▶ _Task requirements_: All of the entries are to be restated word for word.

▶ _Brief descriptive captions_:

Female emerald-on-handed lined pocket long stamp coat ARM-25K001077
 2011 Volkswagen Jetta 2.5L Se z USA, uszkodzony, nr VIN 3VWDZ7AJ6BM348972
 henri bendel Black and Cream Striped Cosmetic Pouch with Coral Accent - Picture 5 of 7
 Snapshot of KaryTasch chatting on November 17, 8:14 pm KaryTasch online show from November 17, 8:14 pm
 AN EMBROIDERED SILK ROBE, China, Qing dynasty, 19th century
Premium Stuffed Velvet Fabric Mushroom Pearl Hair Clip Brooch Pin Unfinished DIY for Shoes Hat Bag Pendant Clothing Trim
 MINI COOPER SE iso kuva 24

▶ _Answer section_:
Female emerald-on-handed lined pocket long stamp coat ARM-25K001077
 2011 Volkswagen Jetta 2.5L Se z USA, uszkodzony, nr VIN 3VWDZ7AJ6BM348972
 henri bendel Black and Cream Striped Cosmetic Pouch with Coral Accent - Picture 5 of 7
 Snapshot of KaryTasch chatting on November 17, 8:14 pm KaryTasch online show from November 17, 8:14 pm
 AN EMBROIDERED SILK ROBE, China, Qing dynasty, 19th century
Premium Stuffed Velvet Fabric Mushroom Pearl Hair Clip Brooch Pin Unfinished DIY for Shoes Hat Bag Pendant Clothing Trim
 MINI COOPER SE iso kuva 24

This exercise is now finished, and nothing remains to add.